Najwięcej gospodarstw agroturystycznych znajduje się w powiatach: tatrzańskim, nowotarskim, limanowskim, suskim, gorlickim, bocheńskim i tarnowskim. Są to najbardziej atrakcyjne zakątki naszego województwa, dysponujące najlepiej rozwiniętą bazą – tam agroturystyka startowała przed ponad 20 laty. Ale chociaż stanowi kontynuację znanych w czasach PRL-u "Wczasów pod gruszą" znacznie się od nich różni. Zarówno bazą jak i formami wypoczynku.
Dzisiaj turyści wybierający tę formę wypoczynku mają sprecyzowane oczekiwania, którym agroturystyka musi sprostać – mówi Grażyna Poloczek, kierownik Działu Gospodarstwa Wiejskiego, Agroturystyki i Przetwórstwa Małopolskiego Ośrodka Doradztwa Rolniczego w Krakowie. Pokoje muszą być o odpowiednim standardzie z osobnym wejściem, łazienką, aneksem kuchennym, powiedzmy na poziomie hoteli z trzema gwiazdkami. Właściciele gospodarstw oprócz zapewnienia spokojnego i wygodnego wypoczynku proponują wiele atrakcji, które dodatkowo przyciągają gości. Na przykład jazdę konną, hipoterapię, łowienie ryb w przydomowym stawie. Niektóre gospodarstwa zarejestrowane są jako edukacyjne – przyjmują wycieczki szkolne i prowadza warsztaty jak wygląda życie i praca na wsi.

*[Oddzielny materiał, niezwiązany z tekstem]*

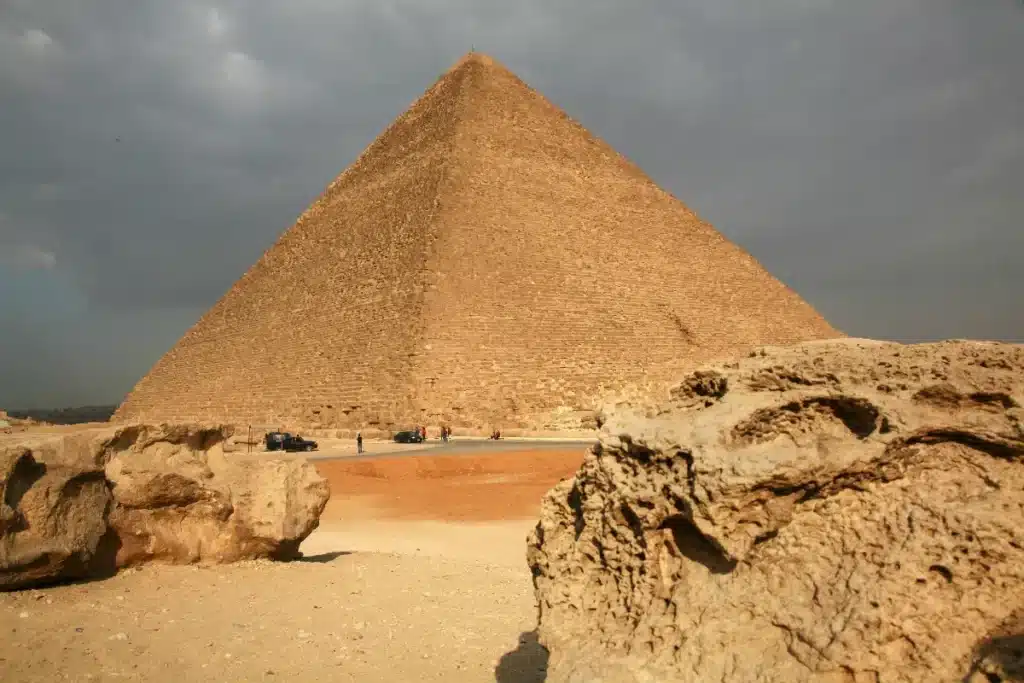 La pyramide de Gizeh aurait 20 000 ans de plus que prévu : une datation qui affole les experts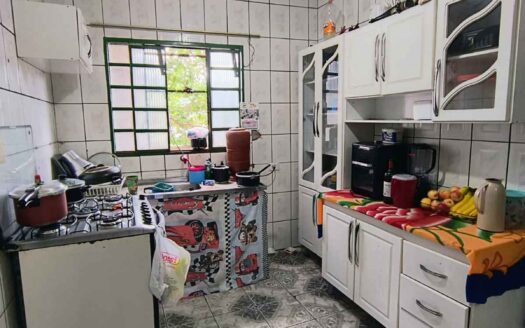 Casa no bairro Jardim dos Reis com salão comercial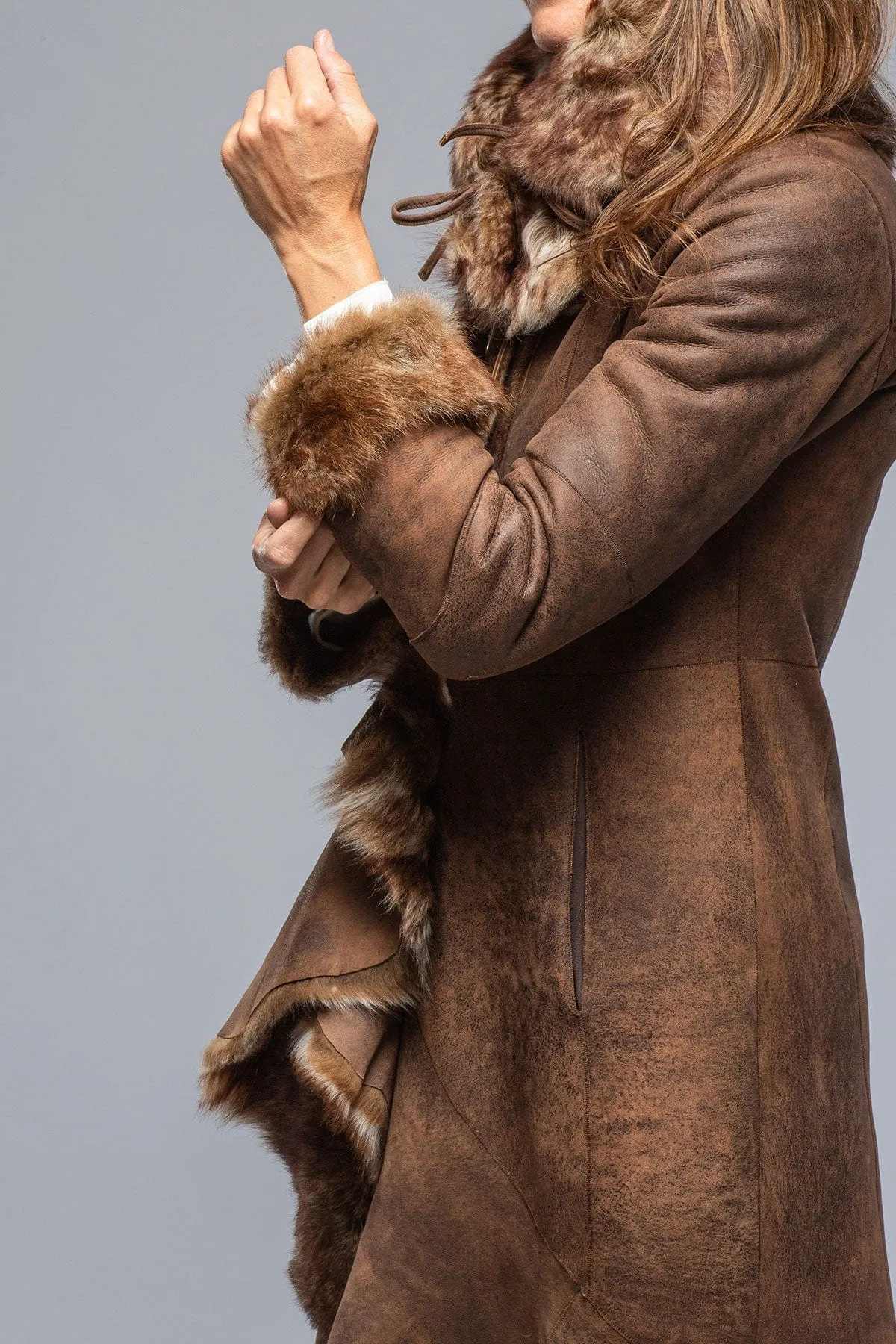 Wild Long Reversible Shearling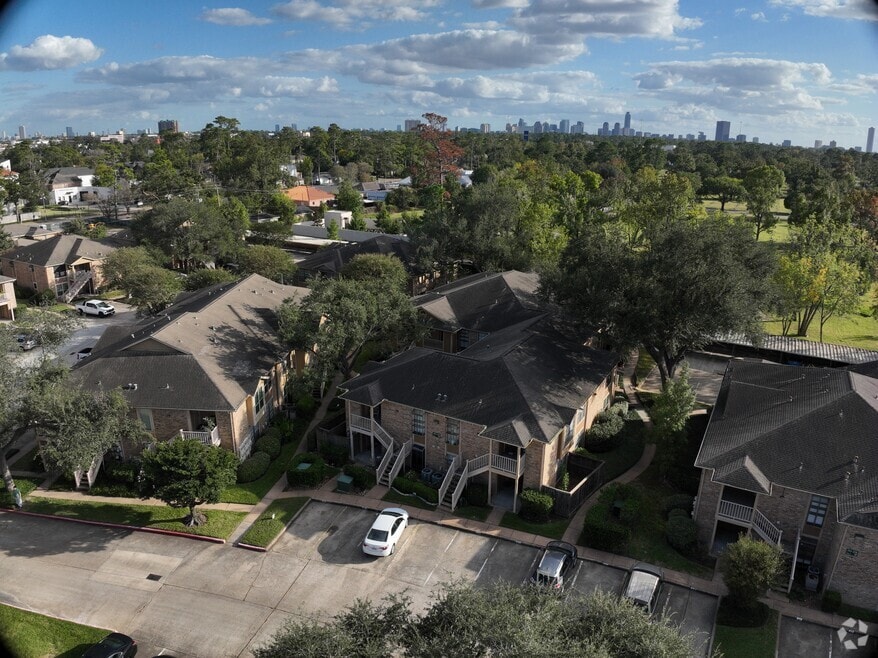 1311 Antoine Dr unit 200, Houston, TX 77055 - photo 2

Często też gospodarze występują w roli przewodników, proponując zwiedzanie znajdujących się w okolicy zabytków.
Mocną stroną agroturystyki są atrakcyjne ceny, konkurencyjne w stosunku do cen w pensjonatach, domach wczasowych czy hotelach, a także smaczne, domowe posiłki, z których można, choć nie musi się korzystać. Średnia cena pokoju w gospodarstwie agroturystycznym kształtuje się obecnie w granicach 40-50 zł dziennie, z całodziennym wyżywieniem 60-70 zł od osoby.